Enjoying a Holiday Meal ... of Goat Liver

Celebrating the Muslim holiday of Eid in the traditional style.

ByABC News
December 21, 2007, 3:06 PM

NEW DELHI, India, Dec. 21, 2007 — -- I had one of the better meals of my life today. It's a good thing I didn't know what it was before I ate it.

I spent the day in the narrow alleys of Old Delhi, the historic capital of India and the Muslim area of India's current capital, New Delhi. It is a poor neighborhood with a majestic mosque, more bicycle rickshaws than cars, and on this day, camels walking through the streets.

Today was the final day of Eid-ul-Zuha, one of the most widely celebrated festivals in the Muslim world.

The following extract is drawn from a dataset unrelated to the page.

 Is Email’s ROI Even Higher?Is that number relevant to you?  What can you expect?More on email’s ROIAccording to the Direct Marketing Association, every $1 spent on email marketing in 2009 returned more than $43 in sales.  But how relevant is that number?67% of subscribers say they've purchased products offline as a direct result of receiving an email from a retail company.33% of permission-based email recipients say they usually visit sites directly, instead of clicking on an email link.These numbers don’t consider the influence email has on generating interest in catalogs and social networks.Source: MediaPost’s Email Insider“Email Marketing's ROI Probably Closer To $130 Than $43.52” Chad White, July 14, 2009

It commemorates the moment when Abraham agreed to sacrifice Isaac (Ishmael in the Koran); Allah allows Abraham's son to live, replacing him with a goat at the last moment.

After that day, animal sacrifice disappeared from the Abrahamic religions the only sacrifice one needs to make is to God.

Except for today.

In the middle of Old Delhi, a normally nondescript dirt field becomes a goat market. Baby goats, adult goats, some decorated with colorful holiday tinsel, some looking a bit sickly all for sale, some for as much as a few hundred dollars.

And right outside the goat market gates sits Cartis, who is selling knives for as little as 75 cents.

He says business is good. Why? Because Muslims are supposed to buy and kill the goats (or the camels) themselves by hand. And so for 18 straight years, Cartis has spent his Eid's sharpening and selling on the side of the road.

"My knives are the best," he says, smiling.

I witnessed only one sacrifice today. A crowd had formed around a group of men holding down a camel. Violently, one of the men sawed away at the camel's neck. It eventually bled to death. No one arrived to clean up the mess.

The people who sell the goats have a good deal. The sacrificial animal must be in some way significant to the family, which today translates into pricey. Families are supposed to buy the best animal they could find, or afford.

"This holiday is about sacrificing for Allah," one seller told me. "Price is no object." Easy for him to say as he counted his money.